Ø     Esta “constatação” gera naturalmente sentimentos contraditórios porque, por um lado, significa que a Aliança vem preencher um vazio temático e político – e nesta medida é muito estimulante porque há um espaço de intervenção novo, compaginável com soluções reformistas e inovadoras; mas por outro, a probabilidade da queda – ou seja, da irrelevância – é também directamente proporcional ao digamos, estado de graça, que, de momento, a Aliança atravessa ….

 

Ø     O segundo ponto versa sobre o papel da Aliança no sistema das Nações Unidas e no seio da Comunidade Internacional, que está longe de estar definido ou até de ser pacífico.

 

Ø     Este ponto é importante. Por um lado, considerada no sistema das Nações Unidas, a Aliança tem um desafio à sua frente porque aparece, de uma certa forma, como um corpo estranho ou um “objecto não claramente identificado”. Pelas temáticas de que se ocupa tem zonas de intersecção com outros órgãos da NU – e em primeira linha, com a UNESCO; pela abordagem e finalidades que prossegue, aparece como um instrumento vocacionado para a diplomacia preventiva, a ser usado a montante das situações de conflito, mas também a jusante, em situações de consolidação de paz.

 

Ø     Claro que nada disto significa que a Aliança esteja vocacionada para interferir com processos políticos de negociação de paz, muito menos para intervir em situações de conflito armado.

 

Ø     Mas, em contrapartida, pode – e deve – desenvolver-se como instrumento de prevenção de conflitos e em situações de pós-conflito enquanto instrumento de consolidação da paz.

 

Ø     Aliás, de acordo com os termos do mandato conferido ao Alto Representante, este pode ser explicitamente chamado pelo Secretário-Geral a intervir em situações de crise para ajudar a reduzir tensões de natureza cultural ou religiosa.

 

Ø     Por outro lado, na galáxia da chamada “Comunidade Internacional”, onde incluo também a extensa rede de organizações da sociedade civil, a Aliança é, sem dúvida, mais uma iniciativa, que vem acrescer a um sem número de outras tantas. Aqui a diferença resulta, sem dúvida, de a Aliança ser uma iniciativa com a marca das NU, o que lhe dá reforçada capacidade de afirmação, de dinamização e uma credibilidade ímpar.

 

Ø     Deste conjunto de elementos, resulta, porém, que a Aliança não deverá nem poderá substituir-se a outras iniciativas/órgãos ou organizações, nem tão pouco competir com elas.

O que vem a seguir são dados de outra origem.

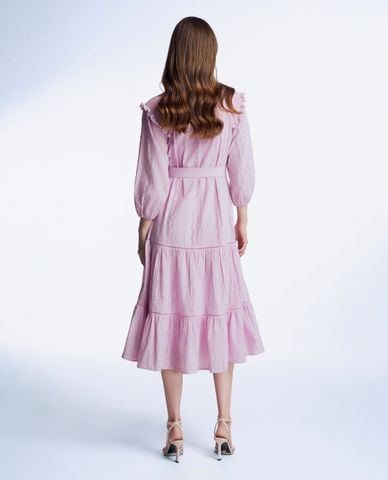  GIGI - Đầm xếp tầng midi cổ tròn tay dài phối thắt lưng điệu đà 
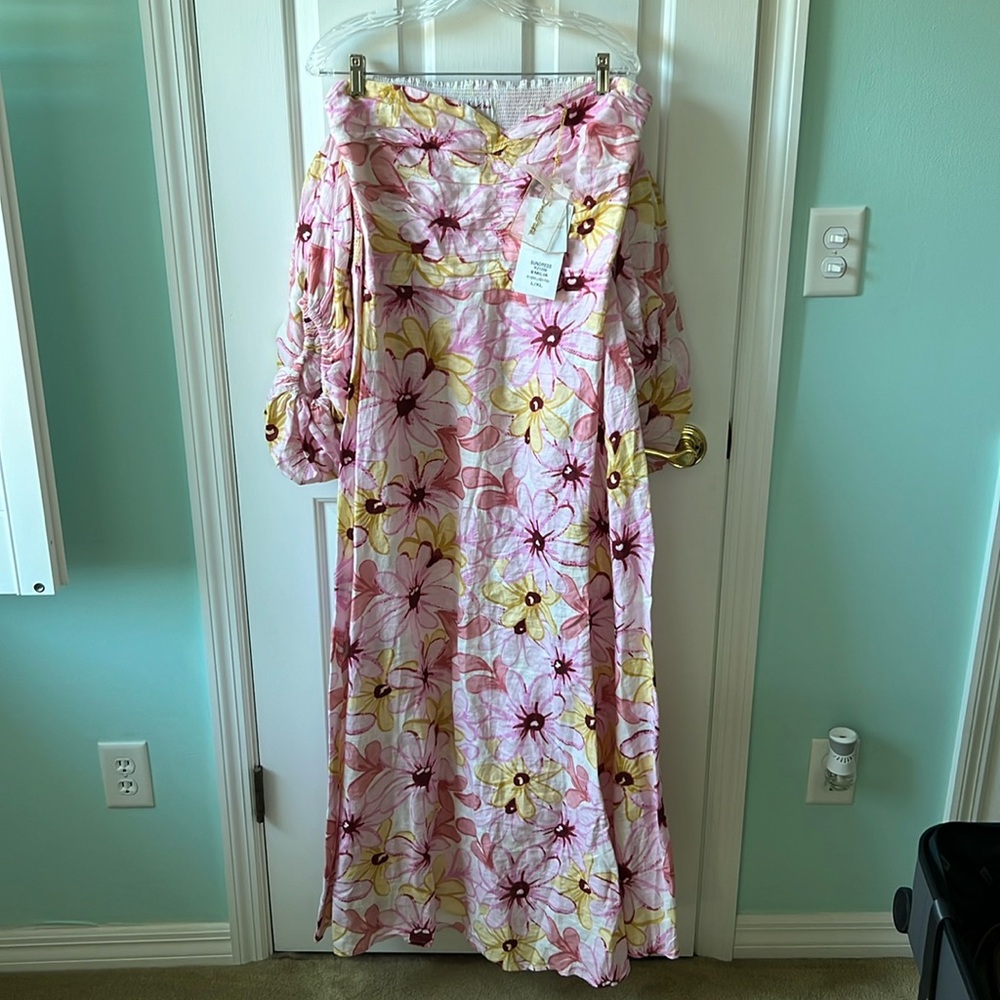 Pink Floral Sundress with Off the Shoulder Sleeves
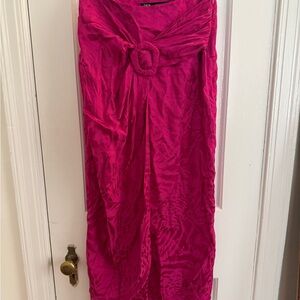 Zara Pink Ruched Pencil Maxi Skirt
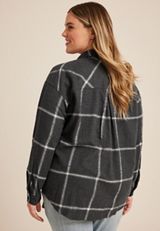 Plus Size Cabin Windowpane Boyfriend Button Down Shirt, C3511, small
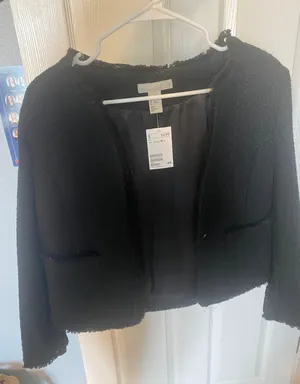 H&M Black Tweed Cropped Blazer thumbnail 1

Mas também não poderá perder-se na teia das iniciativas avulsas que proliferam um pouco desordenadamente por todo o lado.

 

Ø     A mim parece-me que a força da Aliança terá de resultar da capacidade que souber demonstrar simultaneamente enquanto agente de agregação de esforços e enquanto catalizadora de iniciativas “multi-stakeholders”.

 

Ø     Resumo nestes dois pontos alguns aspectos mais interessantes da Aliança porque me parecem susceptíveis de alguma reflexão. Permitam-me que sublinhe que, qualquer contributo da vossa parte para alimentar o debate e para encontrar soluções para estas dificuldades é naturalmente desejável e, sobretudo, desejado!

 

 

Um desafio

 

Excelências

 

Ø     Estes são tempos decisivos para a consolidação da Aliança.

 

Ø     Ou conseguimos disseminá-la e arrimá-la aos processos regionais em curso, integrando-a nas respectivas agendas (penso, por exemplo, na União Europeia, no Processo de Cooperação do Sudeste da Europa, na União para o Mediterrâneo, na cooperação dos Estados do Mar Negro, na Liga Árabe, na Organização da Conferência Islâmica, na APEC e na ASEAN, no Conselho de Cooperação do Golfo, na Ibero-América, na União Africana, na OSCE, no Conselho da Europa, por exemplo), ou, dizia, dificilmente dobraremos o cabo das boas intenções.

 

Ø     Ou conseguimos integrá-la na agenda interna dos Estados, ou dificilmente ultrapassaremos o plano da retórica.

 

Ø     Ou conseguimos mobilizar a sociedade civil ou dificilmente alcançaremos o nosso objectivo último, que é o de conseguir pequenas melhorias no terreno que sejam portadoras de uma nova esperança.

 

Ø     Para alcançar estes objectivos, o vosso concurso é indispensável.

 

Ø     Por isso, deixo-vos um par de sugestões, que são também um desafio que vos lanço, com vista à consolidação da Aliança.

 

 

Ø     Primeiro – não hesitem em contactar-me sempre que tenham alguma sugestão a fazer sobre iniciativas que a Aliança possa lançar;

 

Ø     Em segundo lugar, peço-vos que usem da vossa influência para, na extensa rede de contactos que desenvolvem pelo mundo fora, dar projecção e visibilidade à Aliança;

 

Ø     Em terceiro lugar, poderiam tentar impulsionar, nos países em que estão acreditados, juntamente com colegas vossos “like-minded” e figuras locais da sociedade civil, círculos informais de amigos da Aliança que, duas ou três vezes por ano se reunisse e se debruçasse sobre temas da Aliança ou até promovesse a organização de um evento conjunto. Esse seria um valioso contributo para desglobalizar a a Aliança e dar-lhe um assento local.

 

 

Muito obrigado a todos.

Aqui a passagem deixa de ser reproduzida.